The order of the output matches the order of the input. For example,
the first element of the output is `f(first(x))` and the last element of the
output is `f(last(x))`.

And yeah, the order of zip is actually not guaranteed either.

I think that comment is referring to the fact that, for zip(itr1, itr2), it is undefined whether the $i$-th tuple is evaluated by first iterating itr1 and then iterating itr2 or by first iterating itr2 and then iterating itr1. In other words, the evaluation of the $i$-th tuple could be done either like this:

a, state1 = iterate(itr1, state1)
b, state2 = iterate(itr2, state2)
return (a, b)

or like this:

b, state2 = iterate(itr2, state2)
a, state1 = iterate(itr1, state1)
return (a, b)

The order of the output tuples, on the other hand, is most definitely intended to correspond to the order of the input tuples, except for weird cases with aliased, stateful iterators (e.g. itr = Iterators.Stateful(1:5); zip(itr, itr)). In other words, the first tuple should normally be (first(itr1), first(itr2)).

CameronBieganek commented 1 year ago

I should reiterate the main message of my original post:

Without a guarantee in the docstring on the order of the output, no one should ever use map unless they are going to perform a reduction (with an associative operator) on the output.

bvdmitri commented 1 year ago

I agree with you issue, I just feel it unnecessary to come up with a "code explanation", which has many other implicit assumptions.

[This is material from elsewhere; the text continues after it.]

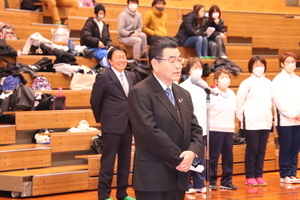 挨拶をする市長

You've explained it pretty well in one sentence "The order of the output matches the order of the input.". That should be enough?

jishnub commented 1 year ago

Since you're referring to the order being undefined, do you mean that the reduction operator should be commutative?

CameronBieganek commented 1 year ago

Yeah, I guess the operator needs to be both associative and commutative to be able to arbitrarily rearrange the order of the sequence without changing the value of the reduction. But that's not part of the proposed docstring. That was just me complaining about the vagueness of the current map docstring.

nsajko commented 1 year ago

Related observation: the foreach doc string says:

foreach should be used instead of map when the results of f are not needed, for example in foreach(println, array).

This kind of (but not really, perhaps) implies the expected output order of map.

It was added all the way back in 71fc3b3ac6413d369d954e286835192ccc3784b3, together with the NEWS entry for foreach.